[net.micro.att] UNIX PC Application Integration

daemon@houligan.UUCP (04/06/86)

To establish my credentials, I have written a calendar application to work 
under both the User Agent and Bourne shell. I wrote it mainly because at the
time (6/85) there was no such application and also to learn how to use the
UNIX PC specific libraries. It took three months and it wasn't a dull process.
I submitted it to AT&T's Vendor Involvement Program for evaluation, and it has
been accepted for listing in their catalog.

First, the theory. Basically, there are two levels at which you can access the
window manager. The lowest level is described in window(7). At this level,
windows are treated as file descriptors and manipulated with ioctl's.
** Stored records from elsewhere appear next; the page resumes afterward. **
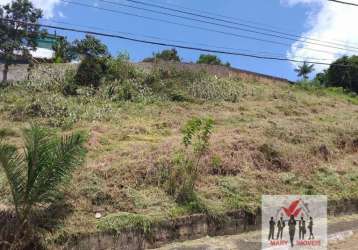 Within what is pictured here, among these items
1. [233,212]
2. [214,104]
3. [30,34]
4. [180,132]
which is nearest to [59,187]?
[233,212]

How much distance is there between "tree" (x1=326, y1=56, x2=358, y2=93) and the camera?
27328 millimetres

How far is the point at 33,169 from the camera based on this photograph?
5.19 metres

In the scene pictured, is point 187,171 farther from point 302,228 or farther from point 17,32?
point 17,32

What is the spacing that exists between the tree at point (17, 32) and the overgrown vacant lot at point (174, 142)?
10.3ft

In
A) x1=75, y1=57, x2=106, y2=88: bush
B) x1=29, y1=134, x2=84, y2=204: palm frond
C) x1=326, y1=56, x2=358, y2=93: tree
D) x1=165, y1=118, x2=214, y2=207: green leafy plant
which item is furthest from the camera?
x1=326, y1=56, x2=358, y2=93: tree

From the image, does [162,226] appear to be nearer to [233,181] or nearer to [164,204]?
[164,204]

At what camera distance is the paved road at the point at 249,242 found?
239 inches

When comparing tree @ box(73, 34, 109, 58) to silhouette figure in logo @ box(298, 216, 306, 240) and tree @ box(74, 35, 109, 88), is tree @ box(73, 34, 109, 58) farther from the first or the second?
silhouette figure in logo @ box(298, 216, 306, 240)

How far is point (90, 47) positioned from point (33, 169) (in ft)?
33.3

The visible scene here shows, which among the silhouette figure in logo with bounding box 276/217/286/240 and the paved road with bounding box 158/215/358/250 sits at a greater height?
the silhouette figure in logo with bounding box 276/217/286/240

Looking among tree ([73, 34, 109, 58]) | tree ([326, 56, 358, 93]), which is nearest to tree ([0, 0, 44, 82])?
tree ([73, 34, 109, 58])

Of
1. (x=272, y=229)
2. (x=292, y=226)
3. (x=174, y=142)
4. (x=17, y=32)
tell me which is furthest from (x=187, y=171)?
(x=17, y=32)

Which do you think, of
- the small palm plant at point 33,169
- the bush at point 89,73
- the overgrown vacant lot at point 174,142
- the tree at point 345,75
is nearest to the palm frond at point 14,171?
the small palm plant at point 33,169

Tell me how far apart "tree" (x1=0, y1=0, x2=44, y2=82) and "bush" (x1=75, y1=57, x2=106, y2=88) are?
2.64 metres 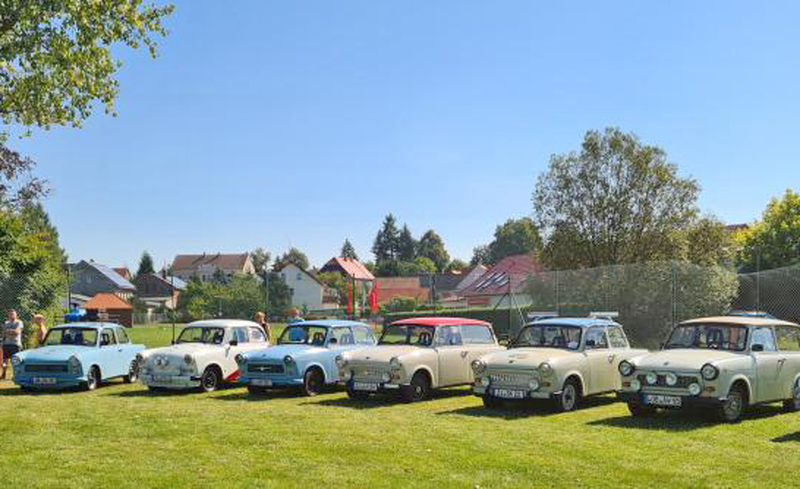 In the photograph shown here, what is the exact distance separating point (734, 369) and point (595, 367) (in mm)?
2531

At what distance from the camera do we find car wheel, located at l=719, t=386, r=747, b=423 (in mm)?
11602

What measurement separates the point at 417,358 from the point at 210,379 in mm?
4784

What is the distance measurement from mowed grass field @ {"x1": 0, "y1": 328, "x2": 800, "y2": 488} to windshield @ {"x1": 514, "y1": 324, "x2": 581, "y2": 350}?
114cm

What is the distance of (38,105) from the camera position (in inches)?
705

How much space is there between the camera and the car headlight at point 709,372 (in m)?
11.4

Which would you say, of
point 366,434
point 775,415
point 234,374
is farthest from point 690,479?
point 234,374

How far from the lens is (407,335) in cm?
1546

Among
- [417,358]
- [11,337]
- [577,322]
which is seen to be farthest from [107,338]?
[577,322]

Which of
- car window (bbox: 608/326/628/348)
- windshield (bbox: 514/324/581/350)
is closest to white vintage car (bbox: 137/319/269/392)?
windshield (bbox: 514/324/581/350)

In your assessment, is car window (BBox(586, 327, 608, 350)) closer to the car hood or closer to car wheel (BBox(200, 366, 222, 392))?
the car hood

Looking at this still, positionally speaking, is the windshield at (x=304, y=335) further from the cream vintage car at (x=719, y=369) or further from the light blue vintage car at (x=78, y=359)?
the cream vintage car at (x=719, y=369)

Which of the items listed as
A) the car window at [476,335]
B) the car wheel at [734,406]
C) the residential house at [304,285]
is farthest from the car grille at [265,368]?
the residential house at [304,285]

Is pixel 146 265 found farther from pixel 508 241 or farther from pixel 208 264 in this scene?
pixel 508 241

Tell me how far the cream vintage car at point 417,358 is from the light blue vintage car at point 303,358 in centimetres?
109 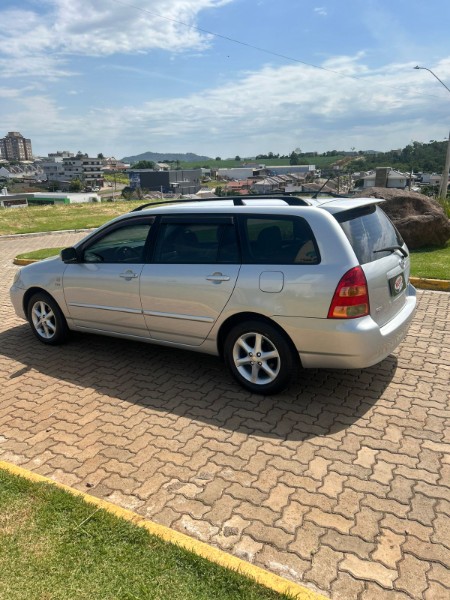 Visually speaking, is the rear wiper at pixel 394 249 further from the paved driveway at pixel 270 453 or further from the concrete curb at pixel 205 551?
the concrete curb at pixel 205 551

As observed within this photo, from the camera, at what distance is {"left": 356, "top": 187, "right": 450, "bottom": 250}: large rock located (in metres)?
10.00

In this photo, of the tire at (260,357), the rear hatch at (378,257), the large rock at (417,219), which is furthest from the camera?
the large rock at (417,219)

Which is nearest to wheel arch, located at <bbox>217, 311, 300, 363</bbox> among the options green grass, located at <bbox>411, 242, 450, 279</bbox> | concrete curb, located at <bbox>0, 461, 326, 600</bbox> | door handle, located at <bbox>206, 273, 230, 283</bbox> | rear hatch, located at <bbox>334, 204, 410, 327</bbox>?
door handle, located at <bbox>206, 273, 230, 283</bbox>

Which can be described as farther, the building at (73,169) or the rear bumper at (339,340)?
the building at (73,169)

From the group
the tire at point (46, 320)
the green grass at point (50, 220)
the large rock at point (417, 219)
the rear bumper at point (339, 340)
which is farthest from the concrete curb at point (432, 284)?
the green grass at point (50, 220)

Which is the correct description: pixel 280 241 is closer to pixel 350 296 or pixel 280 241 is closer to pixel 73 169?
pixel 350 296

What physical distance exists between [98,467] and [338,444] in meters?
1.75

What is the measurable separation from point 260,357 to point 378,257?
4.35 feet

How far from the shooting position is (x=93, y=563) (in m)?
2.34

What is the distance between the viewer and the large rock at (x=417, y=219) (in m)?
10.00

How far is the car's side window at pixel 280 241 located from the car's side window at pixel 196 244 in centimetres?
18

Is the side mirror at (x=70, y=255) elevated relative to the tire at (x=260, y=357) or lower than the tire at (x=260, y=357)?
elevated

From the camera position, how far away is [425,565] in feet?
7.63

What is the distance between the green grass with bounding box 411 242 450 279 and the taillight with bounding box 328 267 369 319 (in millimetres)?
4799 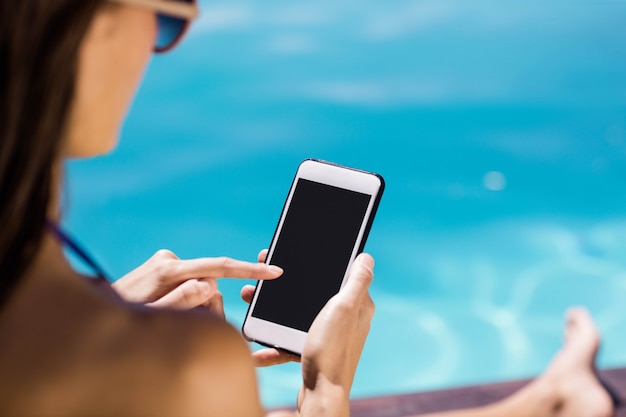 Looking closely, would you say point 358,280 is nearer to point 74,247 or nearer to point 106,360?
point 74,247

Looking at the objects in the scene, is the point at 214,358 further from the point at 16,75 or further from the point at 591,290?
the point at 591,290

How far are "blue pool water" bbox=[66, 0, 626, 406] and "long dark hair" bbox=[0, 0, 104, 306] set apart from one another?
11.1ft

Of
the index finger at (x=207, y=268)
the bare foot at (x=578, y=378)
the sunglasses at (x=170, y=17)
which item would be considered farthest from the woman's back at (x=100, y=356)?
the bare foot at (x=578, y=378)

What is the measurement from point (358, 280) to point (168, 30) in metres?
0.54

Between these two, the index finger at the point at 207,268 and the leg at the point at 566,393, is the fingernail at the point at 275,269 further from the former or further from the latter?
the leg at the point at 566,393

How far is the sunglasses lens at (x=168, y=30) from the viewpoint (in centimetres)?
63

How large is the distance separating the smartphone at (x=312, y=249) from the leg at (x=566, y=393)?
0.80m

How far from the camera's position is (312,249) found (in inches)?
49.8

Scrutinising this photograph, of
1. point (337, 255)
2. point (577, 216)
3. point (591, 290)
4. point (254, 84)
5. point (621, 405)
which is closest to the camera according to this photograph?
point (337, 255)

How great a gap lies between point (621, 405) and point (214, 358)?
1759 millimetres

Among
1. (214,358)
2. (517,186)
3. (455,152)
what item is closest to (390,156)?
(455,152)

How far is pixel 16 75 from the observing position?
500 mm

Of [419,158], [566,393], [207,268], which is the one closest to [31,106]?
[207,268]

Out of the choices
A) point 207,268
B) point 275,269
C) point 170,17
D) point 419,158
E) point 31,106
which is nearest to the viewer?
point 31,106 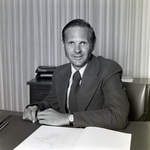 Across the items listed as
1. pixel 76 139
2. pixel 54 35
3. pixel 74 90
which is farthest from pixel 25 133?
pixel 54 35

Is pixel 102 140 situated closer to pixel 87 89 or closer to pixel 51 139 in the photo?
pixel 51 139

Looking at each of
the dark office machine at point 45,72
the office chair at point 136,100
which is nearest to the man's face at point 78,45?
the office chair at point 136,100

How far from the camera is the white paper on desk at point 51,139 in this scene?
3.93ft

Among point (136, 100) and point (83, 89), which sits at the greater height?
point (83, 89)

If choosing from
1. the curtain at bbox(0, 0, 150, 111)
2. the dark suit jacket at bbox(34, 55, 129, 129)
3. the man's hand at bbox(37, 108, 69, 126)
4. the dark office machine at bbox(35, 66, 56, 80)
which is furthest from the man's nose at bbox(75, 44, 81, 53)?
the curtain at bbox(0, 0, 150, 111)

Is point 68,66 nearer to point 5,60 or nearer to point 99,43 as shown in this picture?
point 99,43

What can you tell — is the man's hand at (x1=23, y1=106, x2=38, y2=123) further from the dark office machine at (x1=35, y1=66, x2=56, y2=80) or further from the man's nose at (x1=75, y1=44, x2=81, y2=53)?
the dark office machine at (x1=35, y1=66, x2=56, y2=80)

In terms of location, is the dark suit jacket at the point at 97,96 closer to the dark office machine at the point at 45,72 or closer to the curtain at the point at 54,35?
the dark office machine at the point at 45,72

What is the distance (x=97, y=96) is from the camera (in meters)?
1.82

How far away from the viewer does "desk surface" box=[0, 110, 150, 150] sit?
1245mm

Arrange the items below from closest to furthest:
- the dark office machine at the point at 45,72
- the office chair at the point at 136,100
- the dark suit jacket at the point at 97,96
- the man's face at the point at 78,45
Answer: the dark suit jacket at the point at 97,96 → the man's face at the point at 78,45 → the office chair at the point at 136,100 → the dark office machine at the point at 45,72

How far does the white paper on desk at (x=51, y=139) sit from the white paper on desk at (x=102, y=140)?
4cm

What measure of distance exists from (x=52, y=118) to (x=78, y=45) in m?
0.56

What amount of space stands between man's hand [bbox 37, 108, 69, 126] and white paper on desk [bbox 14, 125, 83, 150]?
4 cm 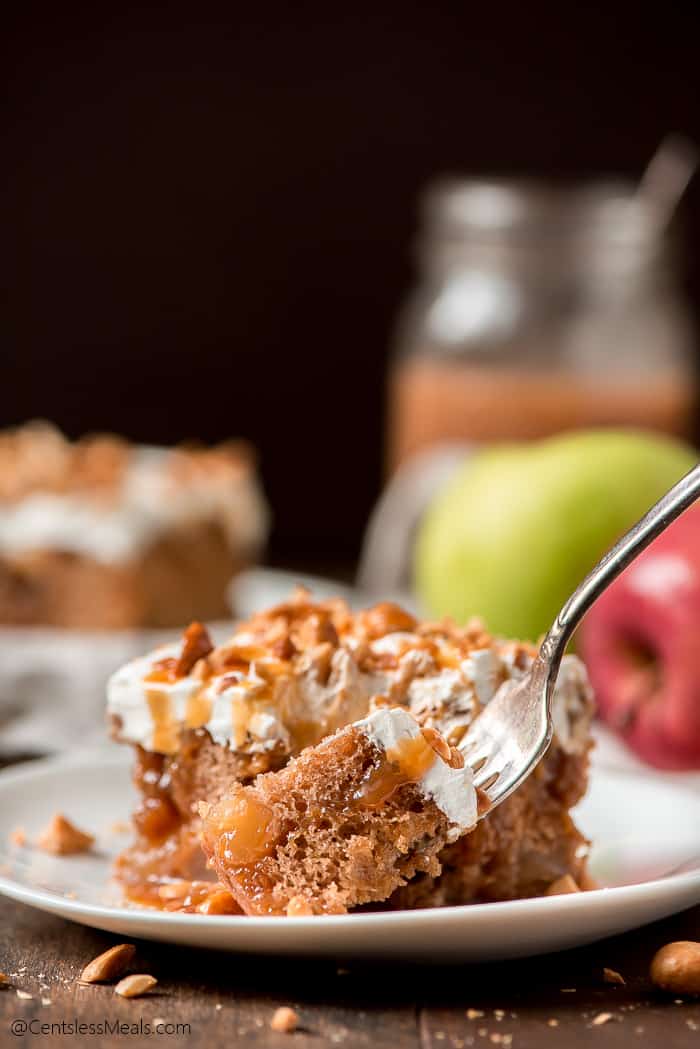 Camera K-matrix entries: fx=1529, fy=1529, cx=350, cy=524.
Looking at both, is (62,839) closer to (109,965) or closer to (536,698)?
(109,965)

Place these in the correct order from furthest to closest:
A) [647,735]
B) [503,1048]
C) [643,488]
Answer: [643,488], [647,735], [503,1048]

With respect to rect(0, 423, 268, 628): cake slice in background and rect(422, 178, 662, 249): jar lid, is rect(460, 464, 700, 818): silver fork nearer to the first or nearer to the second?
rect(0, 423, 268, 628): cake slice in background

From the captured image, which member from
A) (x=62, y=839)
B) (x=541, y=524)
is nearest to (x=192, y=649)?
(x=62, y=839)

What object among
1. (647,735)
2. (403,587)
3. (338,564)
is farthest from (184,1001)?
(338,564)

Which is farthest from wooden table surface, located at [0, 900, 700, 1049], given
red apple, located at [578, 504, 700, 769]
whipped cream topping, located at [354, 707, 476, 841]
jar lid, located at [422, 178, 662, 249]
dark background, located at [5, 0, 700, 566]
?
dark background, located at [5, 0, 700, 566]

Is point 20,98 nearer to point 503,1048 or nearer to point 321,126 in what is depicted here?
point 321,126

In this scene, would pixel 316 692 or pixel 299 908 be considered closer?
pixel 299 908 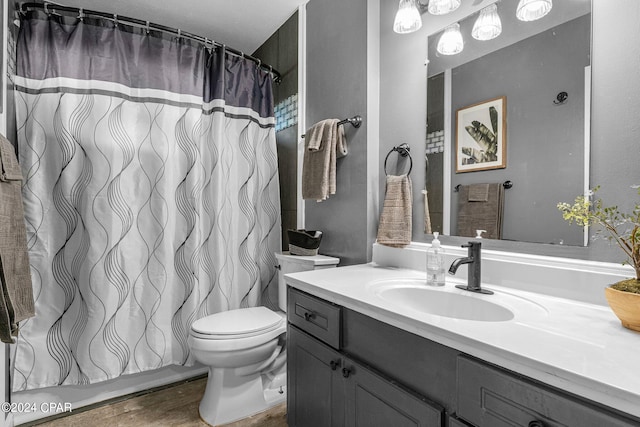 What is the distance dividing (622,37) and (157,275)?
2223 mm

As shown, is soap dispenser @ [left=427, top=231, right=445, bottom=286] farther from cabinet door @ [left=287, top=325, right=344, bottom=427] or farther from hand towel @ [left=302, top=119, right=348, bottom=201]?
hand towel @ [left=302, top=119, right=348, bottom=201]

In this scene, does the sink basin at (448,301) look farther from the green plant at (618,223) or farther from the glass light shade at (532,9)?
the glass light shade at (532,9)

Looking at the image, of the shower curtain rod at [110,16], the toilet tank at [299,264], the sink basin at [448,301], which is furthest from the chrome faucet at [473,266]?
the shower curtain rod at [110,16]

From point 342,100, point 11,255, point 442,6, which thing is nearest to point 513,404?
point 442,6

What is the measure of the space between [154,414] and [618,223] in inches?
84.7

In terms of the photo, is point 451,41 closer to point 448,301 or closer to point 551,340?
point 448,301

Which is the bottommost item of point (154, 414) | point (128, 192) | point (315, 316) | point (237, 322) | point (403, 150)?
point (154, 414)

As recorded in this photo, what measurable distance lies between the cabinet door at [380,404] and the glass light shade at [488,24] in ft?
4.26

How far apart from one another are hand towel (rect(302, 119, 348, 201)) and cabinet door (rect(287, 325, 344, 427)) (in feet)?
2.38

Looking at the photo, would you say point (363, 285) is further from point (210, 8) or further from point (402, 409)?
point (210, 8)

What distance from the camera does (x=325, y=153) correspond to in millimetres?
1733

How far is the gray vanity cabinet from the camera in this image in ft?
2.91

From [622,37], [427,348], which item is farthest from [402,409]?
[622,37]

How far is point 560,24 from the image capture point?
1.08 metres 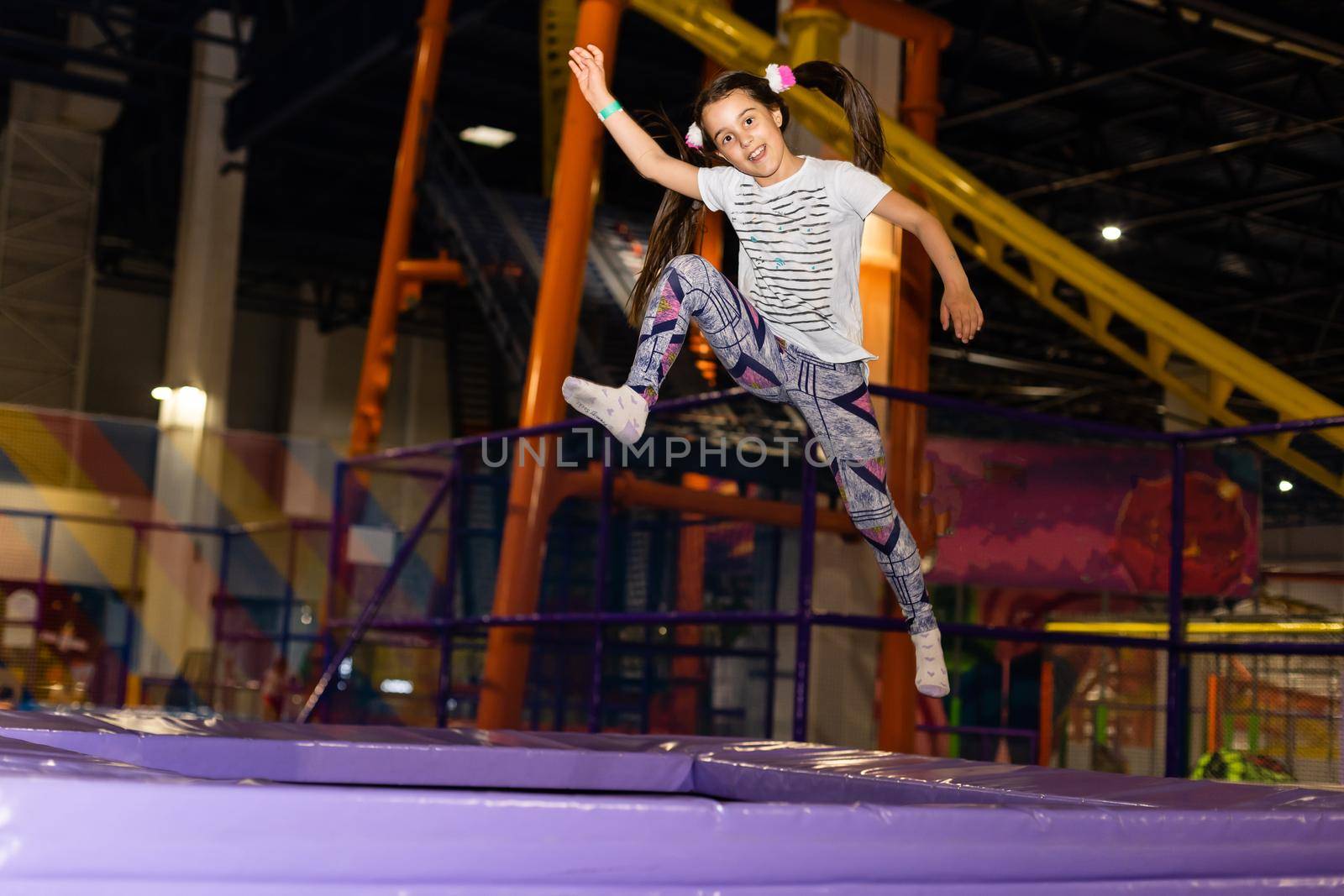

Built on
top of this is the highest level, described in tam(3). This essentially
provides you with more convenient although less flexible access to the window
manager. You can, and in many cases will, have to mix the two. Neither is
device-independent by any means. Built on top of tam, several utility functions
are provided, the most important being menu(), form(), message(), track(), 
wind(), and exhelp(). Although they could be improved and expanded, these are
very useful and save a lot of development time, so I highly recommend them.
In summary, the basic strategy is to use tam for bread and butter window
manipulation and I/O, while employing the higher level utilities where you 
need them, and delving into ioctl's only when absolutely necessary.

Now, the practice. By way of background, I found early on that I cannot stand
the User Agent, so I quickly deleted 'exec /usr/bin/ua' from my .profile. This
was the beginning of a long and continuing effort to find ways to eliminate the
need for the User Impediment and also my problems with the tam library. I guess
I'm just too set in my ways to appreciate the User Agent. 

The first problem is that the tam functions for creating a new window would 
shrink my login Bourne shell window and put a border around it, permanently
until logout. I think the tam functions to create a new window expect an open 
window to be supplied via 'open("/dev/window",...' and attached to the standard
file descriptors before they are called the first time inside a process. 
This is what the User Agent will do by default before running an application 
(see ua(4)). So the solution was to always do 'open("/dev/window",...' before 
calling these functions and also tell the User Agent through the Suffixes file 
to not open a window before running the application.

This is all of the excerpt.